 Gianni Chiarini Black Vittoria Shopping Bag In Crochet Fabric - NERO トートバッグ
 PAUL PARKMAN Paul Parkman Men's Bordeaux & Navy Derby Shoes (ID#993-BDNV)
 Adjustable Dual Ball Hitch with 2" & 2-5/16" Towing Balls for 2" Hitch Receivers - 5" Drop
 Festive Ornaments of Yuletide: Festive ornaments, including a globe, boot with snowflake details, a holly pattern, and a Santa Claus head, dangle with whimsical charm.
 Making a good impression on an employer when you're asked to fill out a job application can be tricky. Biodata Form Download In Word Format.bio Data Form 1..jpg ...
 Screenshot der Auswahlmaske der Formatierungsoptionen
---
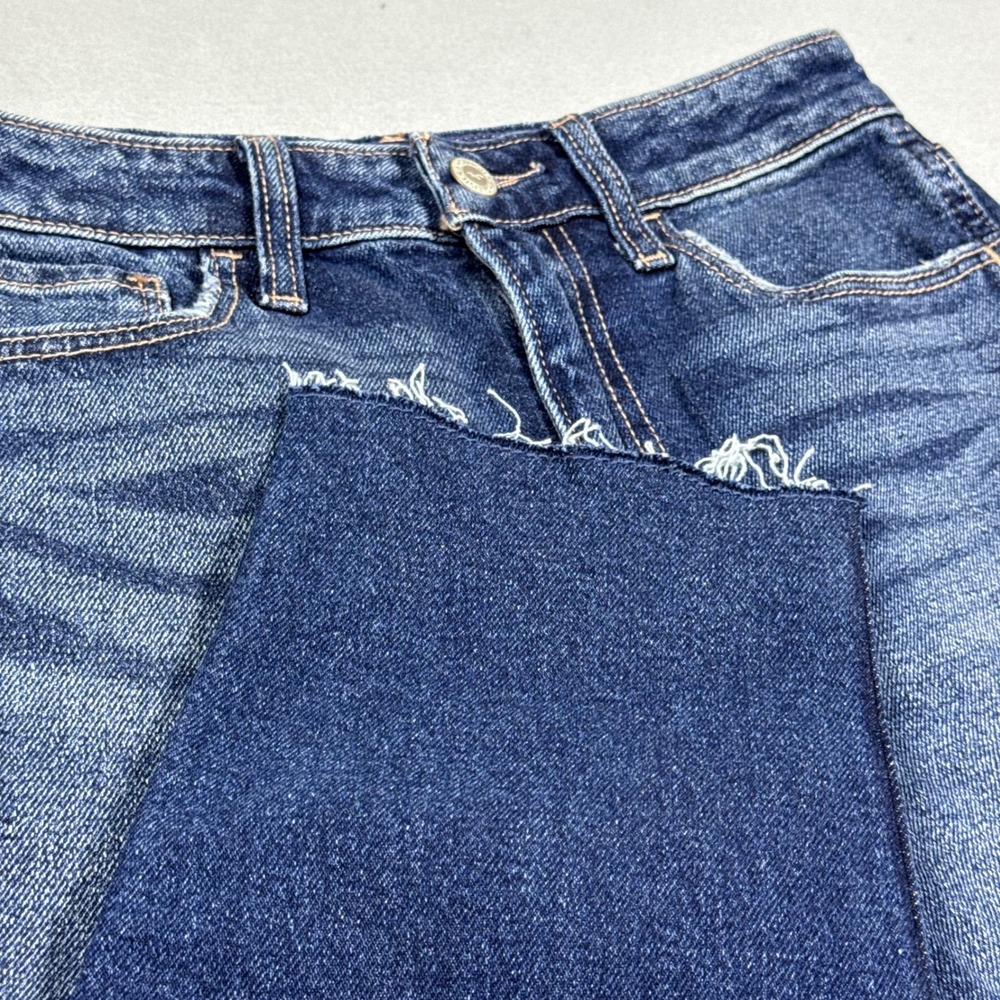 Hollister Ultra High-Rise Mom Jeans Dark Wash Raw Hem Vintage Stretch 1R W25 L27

§ WHAT YOU HAVE TO DO: In the entries above, copy each line that contains the string "with".

§ WRITTEN SOLUTION:
 Adjustable Dual Ball Hitch with 2" & 2-5/16" Towing Balls for 2" Hitch Receivers - 5" Drop
 Festive Ornaments of Yuletide: Festive ornaments, including a globe, boot with snowflake details, a holly pattern, and a Santa Claus head, dangle with whimsical charm.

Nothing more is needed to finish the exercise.